We know that many custodial deaths take place in Pakistan every year; torture, especially in police custody (in fact police remand, in popular parlance, is taken to be license for beating people up) is very common. Plenty of fake encounters also take place routinely. But how many police or intelligence agency officials have been punished for this? How many have been demoted or thrown out of service? How many have been thrown into jail for torture? If there had been some, and if they had been dealt with strongly enough, this issue would not be as blatant and rampant in Pakistan.

There are serious and endemic legal, institutional, economic, social and political problems that are causing the current state of policing in the country. The police force is not properly trained, they do not have resources to do any investigative work, they rely too heavily on testimonials and confessions for making cases, they are being used by the political system (whosoever is in power) to enforce fear and maintain order and their reward/punishment is based on pleasing their masters and not on maintaining laws. The police are only accountable to themselves or to the superiors in the system and definitely not to the people at large in whose name the entire governance mechanism is set up. In fact, I would go out on a limb and state that the police in Pakistan is set up to ensure order and impose the dictates of power and is not for ensuring enforcement of the law and for providing help to the masses.

The problem is cemented by the fact that the very people who are one day at the receiving end of rough or illegal treatment from the police, when in positions of power use the police for the same purpose. The PML-N (Pakistan Muslim League) leaders have been roughed up by the police a number of times but the PML-N government in Punjab has used the police in the same manner in the current set up. The PPP (Pakistan Peoples Party) and Zardari suffered at the hands of the police but what have they done after coming into power? Even more starkly, pictures of Rana Sanaullah beaten up, shaved and tortured, make the rounds on the internet even today. What has he done to change the system after becoming law minister in Punjab?

The game is probably larger than each of these people individually. The Zardaris, Mians, Chaudhrys, and so on all owe their power to the system and hence even when they come to "power", it is only to serve the system and not to challenge it. They gain from it personally for sure, and so do their cronies and those around them, but changes in the larger system are evidently not the aim.

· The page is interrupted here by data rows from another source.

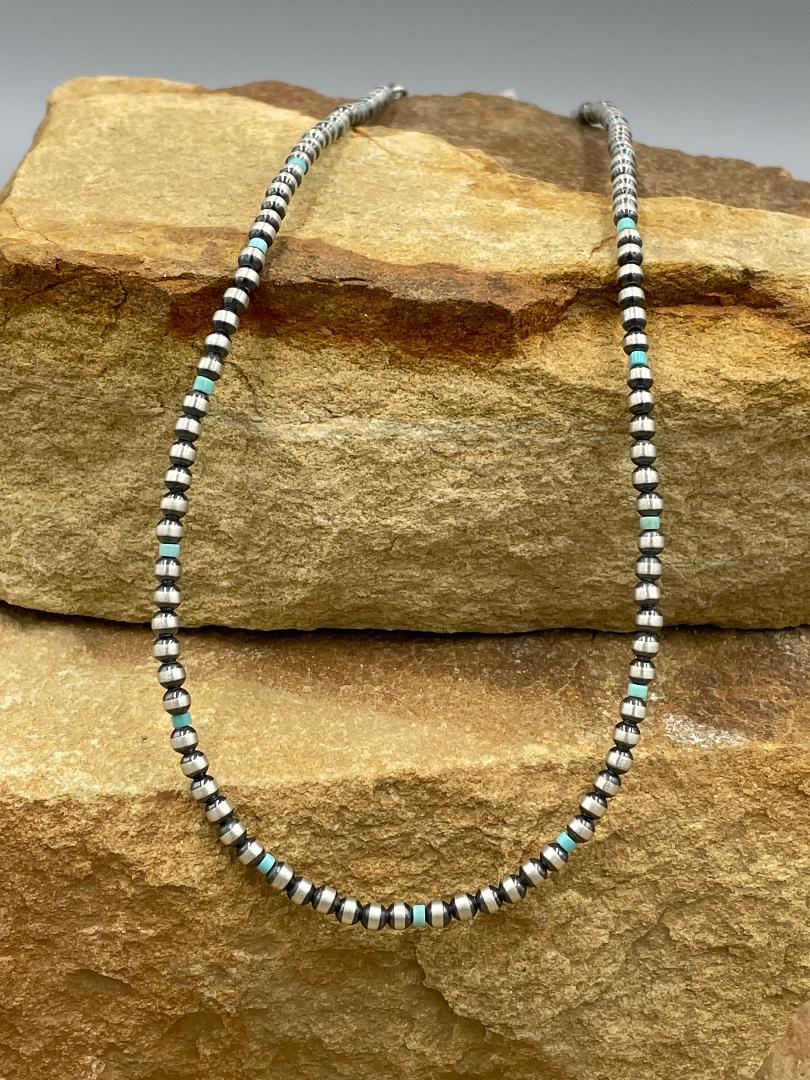 Sterling Silver 3mm Pearl with Kingman Turquoise 14" Necklace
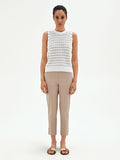 Top bianco panna in maglia crochet a righe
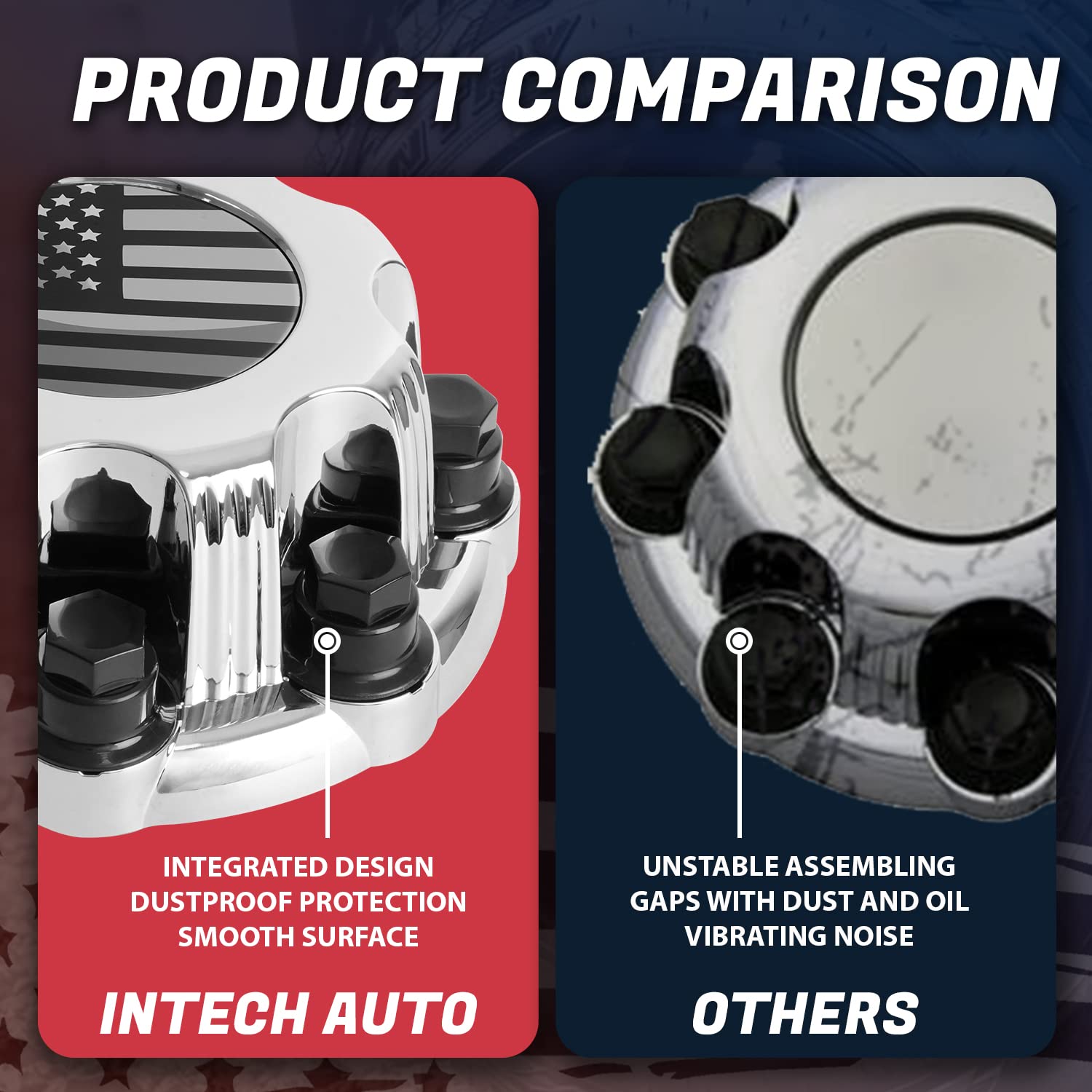 Chevy Chevrolet & GMC 8 Lug Wheel Center Hub Caps - Replacement for OE #15039488 15039489 9597169 9597170 - Set of 4 American Flag Style Hubcaps for Off-Road & Truck Enthusiasts - Perfect for Customizing Pickup Trucks, SUVs & Off-Road Vehicles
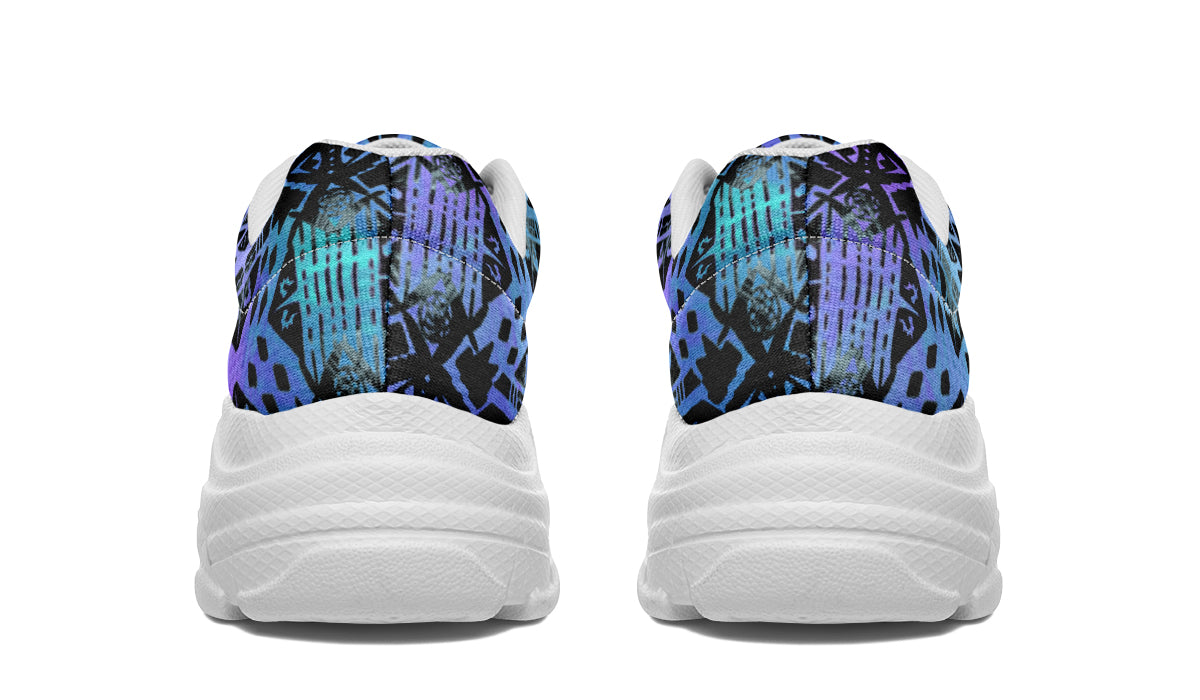Chunky Sneakers - "Aztec Ombre" (Blue & Purple)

Unless the larger system is changed, it is hard to see how the current equilibrium can even be disturbed, far less broken. Individual and small administrative, legal or even institutional/governance changes will not be able to change anything. What is needed is

a) a deeper understanding of the issues involved;

b) a broad coalition of the judiciary, elected officials, lawyers, civil society, and citizens to take on the issues in a very public way (almost like a campaign), where

  • transparency is increased;
  • accountability is ensured;
  • resources are invested in places where needed (investigative ability); and
  • the consequences of wrongdoing are severe and assured (for the police).

Only then will we have a chance at changing things. It is time to focus on such issues, but how can such a coalition be put together and torture be made an issue in the public space?